"Halabja Monument and Museum" Halabja Things to Do Tip by maykal
Halabja Things to Do: 3 reviews and 13 photos
Just before entering the town, you'll see a concrete monument under a Kurdistani flag. It depicts one of the most harrowing images of the chemical attacks, an old man cradling a young child in his arms, both lying dead in a street. Behind it, you pass through a checkpoint of sorts, and then enter the Halabja Museum. The building itself is odd, 3 arms (representing the third month) with 16 fingers (representing the 16th day) hold a globe up to the sky, although from a distance it looks like some sort of concrete circus tent or even a water tower.
Inside, you'll be adopted by a local volunteer and shown round the three rooms.
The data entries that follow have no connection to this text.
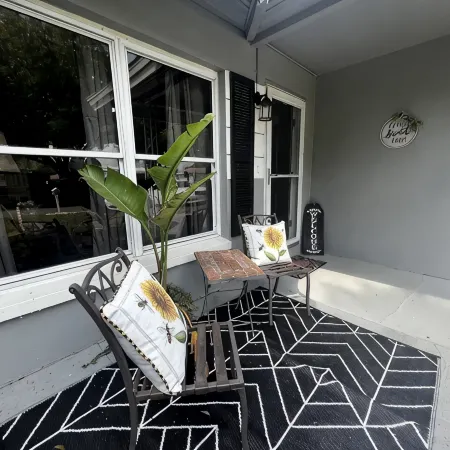 Cozy in Clearwater - A Quiet 4 Bedroom Home Minutes to the Beach.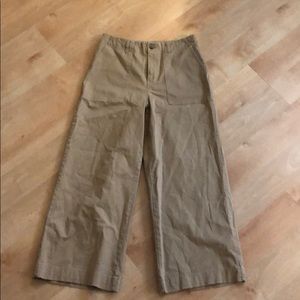 Smart Casual kaki cropped capris
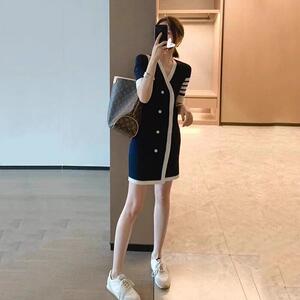 欧洲站高级感气质减龄小香风轻奢法式v领t恤针织连衣裙潮2024新款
The first is the terrible day of the attacks, recreated with shop mannequins and stuffed ducks, and it is hard to know what to think when the volunteer finds it all quite funny. The second room contains all the shocking photos taken by an Iranian journalist, the first to reach the town after the attacks. The volunteer pointed out his own relatives among the victims and survivors, but again kept making jokes with the other volunteers and asking us questions about American popular culture. A cabinet contains the museum's odd collection of prize possessions...Chemical Ali's pen, the Iranian journalist's camera, and some of Saddam's slippers. We were also shown a video of footage from the day after, with survivors being interviewed. The final room is the hall of names, all the victims arranged in family groups carved into black marble covering every wall, with Kurdish flags all over the place.
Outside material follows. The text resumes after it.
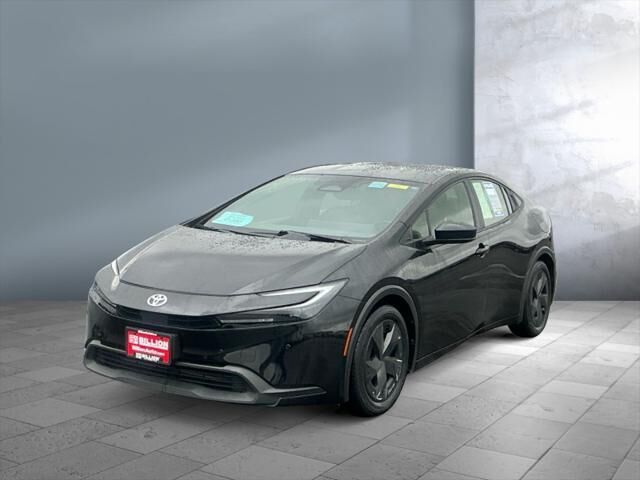 2023 Toyota Prius LE — photo 1 of 26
We were then taken into the cafe, a very plush area of leather sofas and thick carpets, where we were served tea and given souvenir booklets and CDs by some other volunteers.
It was a strange experience, not the sombre one we were expecting at all. In this tip, I've just tried to explain what there is in the museum, and to find out how I felt, please read the page introduction as I have gone into more detail.
Entry is free, although you might be asked for your passport to at the checkpoint.
Directions: Buses to Halabja will drop any tourists off outside the monument, and it is a ten minute walk into town.